#### Task material
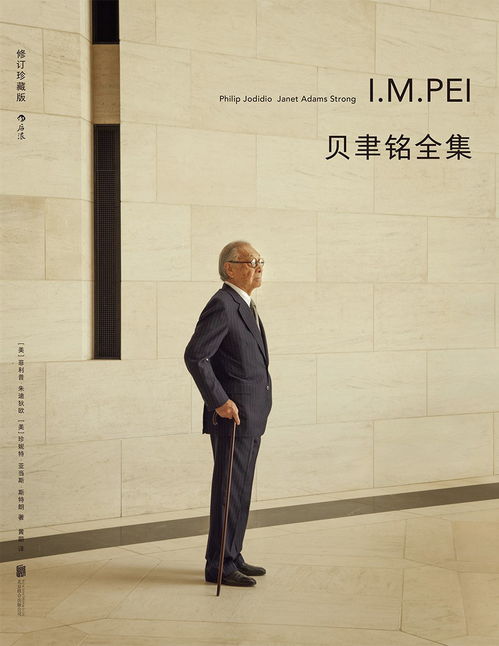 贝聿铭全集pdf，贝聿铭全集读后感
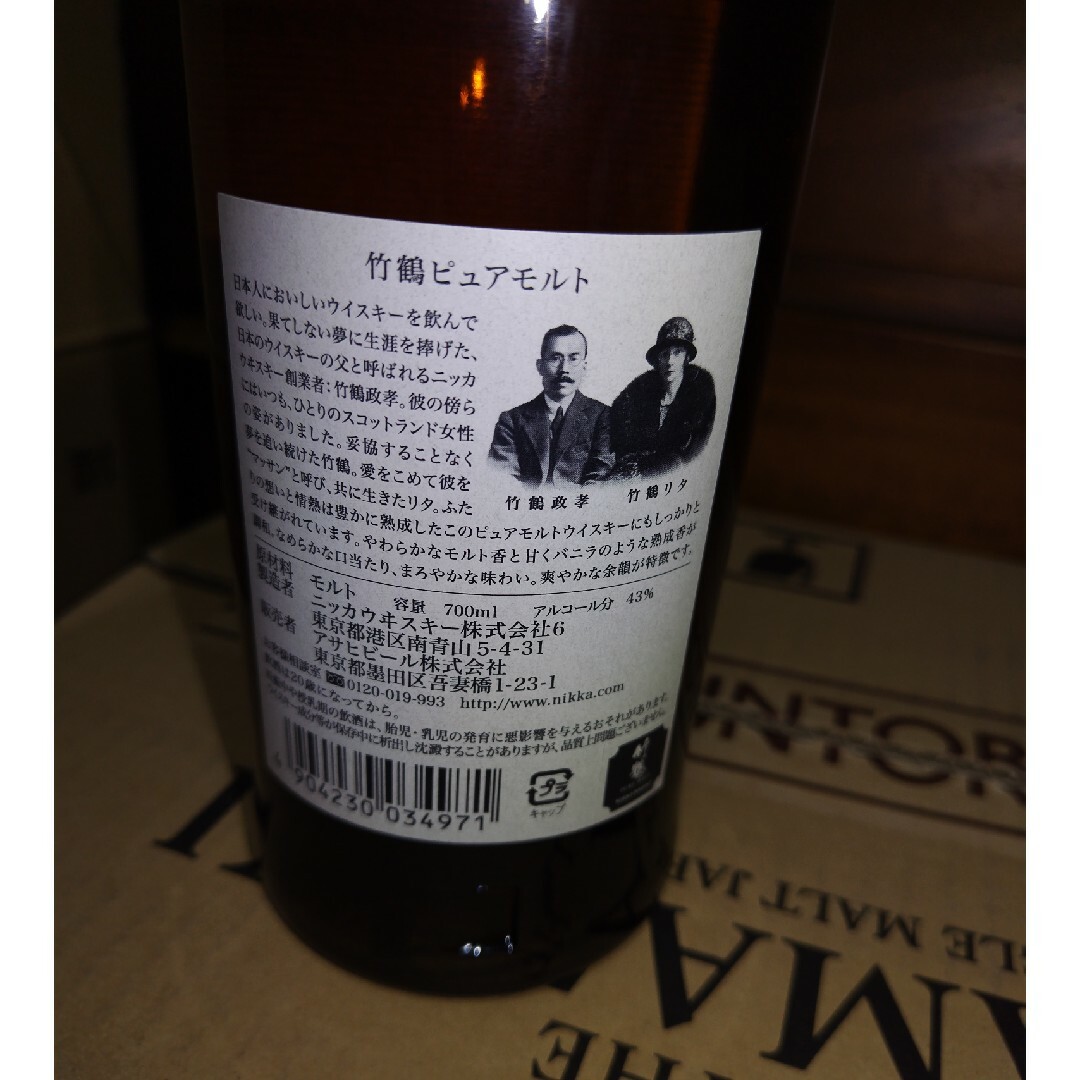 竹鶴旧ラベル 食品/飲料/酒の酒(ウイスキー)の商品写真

--

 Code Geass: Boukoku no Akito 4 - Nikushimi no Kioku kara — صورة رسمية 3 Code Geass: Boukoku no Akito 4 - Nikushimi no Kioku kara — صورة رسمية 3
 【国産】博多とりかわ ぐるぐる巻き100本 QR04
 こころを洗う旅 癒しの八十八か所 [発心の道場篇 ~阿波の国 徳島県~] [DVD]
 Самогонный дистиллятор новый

...

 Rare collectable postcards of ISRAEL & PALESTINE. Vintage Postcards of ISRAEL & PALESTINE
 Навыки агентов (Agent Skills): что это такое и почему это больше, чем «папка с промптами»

#### Task requirements
A word-for-word copy of the lines above from the one with "رسمية 3 Code" through the one with "Самогонный дистиллятор новый", inclusive, is the only output wanted.

#### Answer box
 Code Geass: Boukoku no Akito 4 - Nikushimi no Kioku kara — صورة رسمية 3 Code Geass: Boukoku no Akito 4 - Nikushimi no Kioku kara — صورة رسمية 3
 【国産】博多とりかわ ぐるぐる巻き100本 QR04
 こころを洗う旅 癒しの八十八か所 [発心の道場篇 ~阿波の国 徳島県~] [DVD]
 Самогонный дистиллятор новый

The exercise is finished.